> _What needs to be done_
The expected result is the full listing, retyped exactly, without a single picture.

(Supplied information Opens)

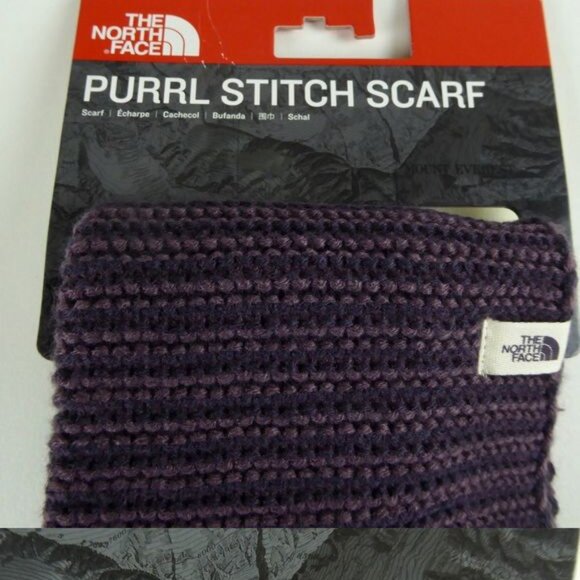 The North Face Purrl Stitch Infiniti Scarf Multicolored - Picture 1 of 8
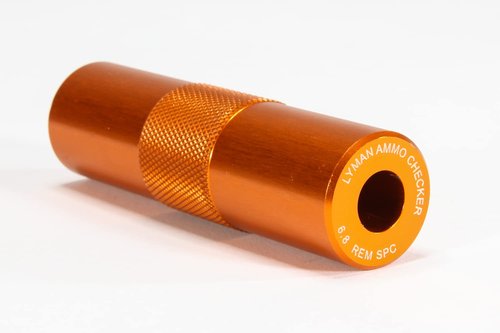 Lyman, Single Caliber Ammo Checker, 6.8mm Remington SPC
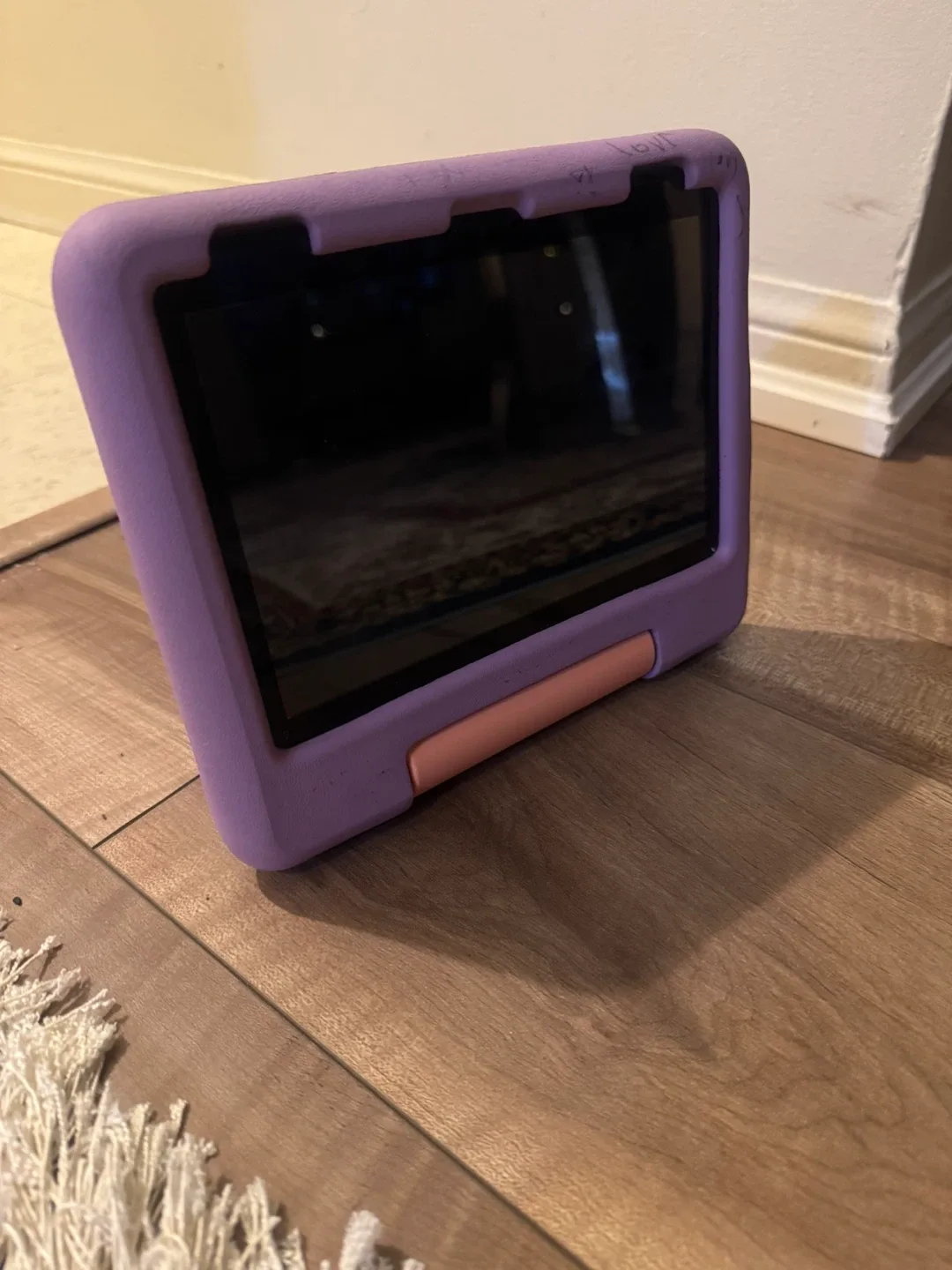 Amazon Fire 7 Kids Edition Tablet - Purple Case image indicator(3)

(Supplied information Closes)

> _Response for this exercise_
 The North Face Purrl Stitch Infiniti Scarf Multicolored - Picture 1 of 8
 Lyman, Single Caliber Ammo Checker, 6.8mm Remington SPC
 Amazon Fire 7 Kids Edition Tablet - Purple Case image indicator(3)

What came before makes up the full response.